Moto Goldmines Limited
- Type: Public
- Traded as: TSX: MGL
- Industry: Gold Mines
- Headquarters: Perth, Australia
- Key people: Reginald N. Gillard
- Number of employees: 160
- Website: www.motogoldmines.com

= Moto Gold Mines =

Gold deposits at Moto were initially discovered in 1903 and mining began in 1905. A colonial state corporation called Kilo-Moto exploited the deposits from 1905 to 1919. The colonial state recruited laborers from rural Africa to work in the mines. In 1919, Kilo-Moto became organized as an autonomous colonial state corporation with a board of directors in Brussels appointed by the Minister of the colonies.

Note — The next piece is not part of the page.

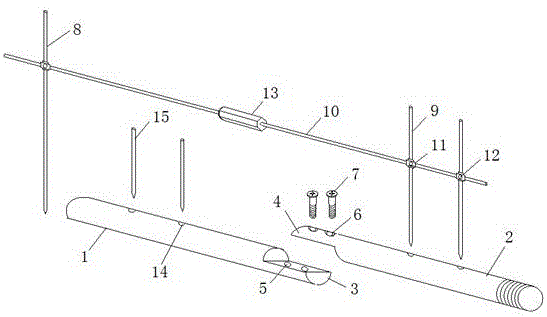 A minimally invasive intramedullary fixation device for clavicle fractures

This company operated as a private corporation starting in 1926 and survived the handover to independent Congolese rule in 1961, but was taken over by the Zairian state in 1967. The archives of the company up to 1967 are still stored in Brussels.

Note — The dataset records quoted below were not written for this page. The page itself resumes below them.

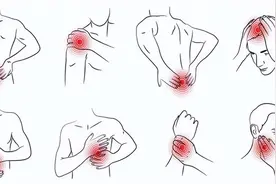 医生分享最全的人体疼痛对照表，不妨对照看看，你哪里出问题了？图片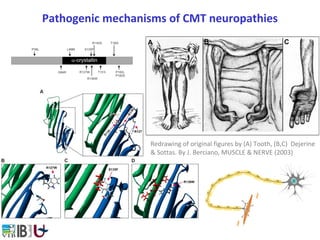 Pathogenic mechanisms of CMT neuropathies
Redrawing of original figures by (A) Tooth, (B,C) Dejerine
& Sottas. By J. Berciano, MUSCLE & NERVE (2003)
 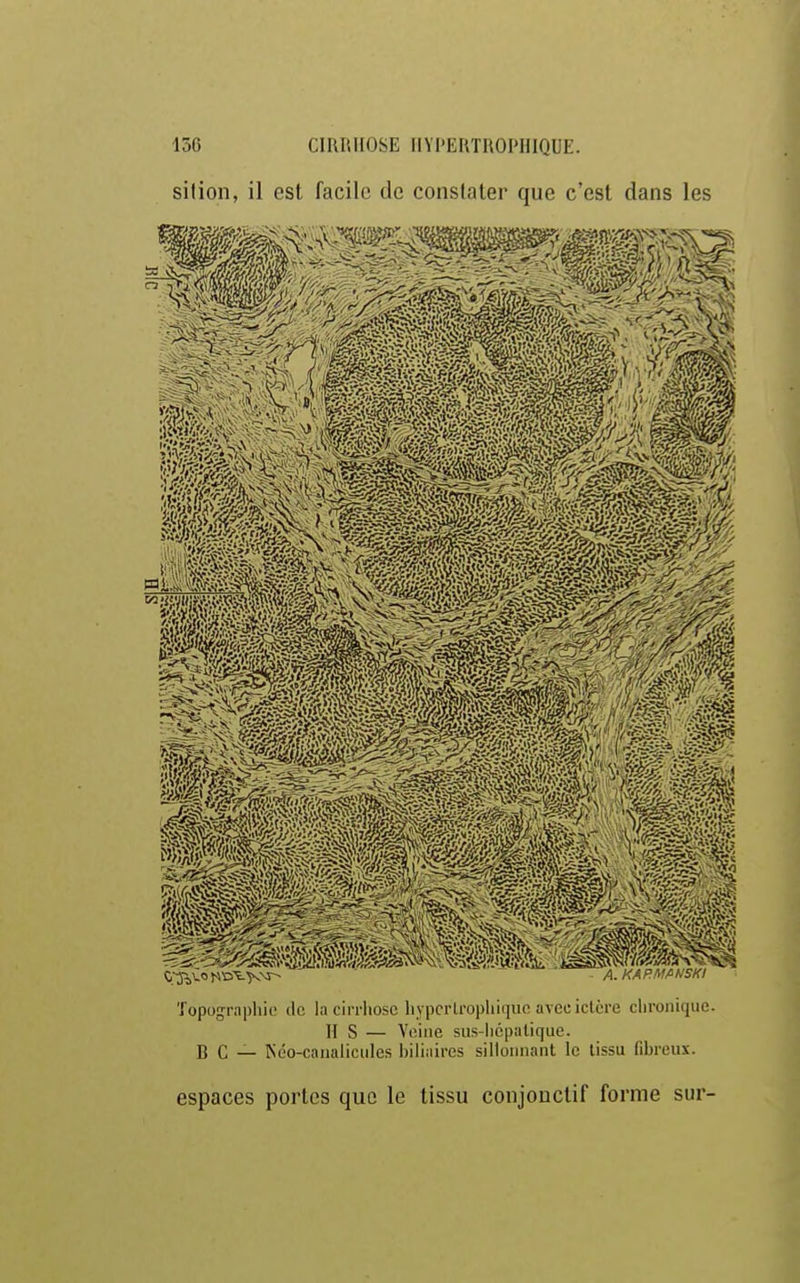 silion, il est facile de constater que c'est dans les Topographie de la cirrhose hYpcrlropiiique avec iclère chronique. II S — Veine sus-iicpatique. B C — ISéo-canalicules biliaires sillonnant le tissu fibreux. espaces portes que le tissu conjouctif forme sur-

Moto Goldmines Limited was a gold exploration and mining company with operations in the Kilo-Moto greenstone belt in Haut-Uele Province in the northeast of the Democratic Republic of the Congo. The company's shares were publicly listed on the Toronto Stock Exchange and the London Stock Exchange’s Alternative Investment Market.

Moto Goldmines was acquired by Randgold Resources in 2009, which subsequently merged with Barrick Gold in December 2018.
The joint venture developed the Kibali Gold Mine.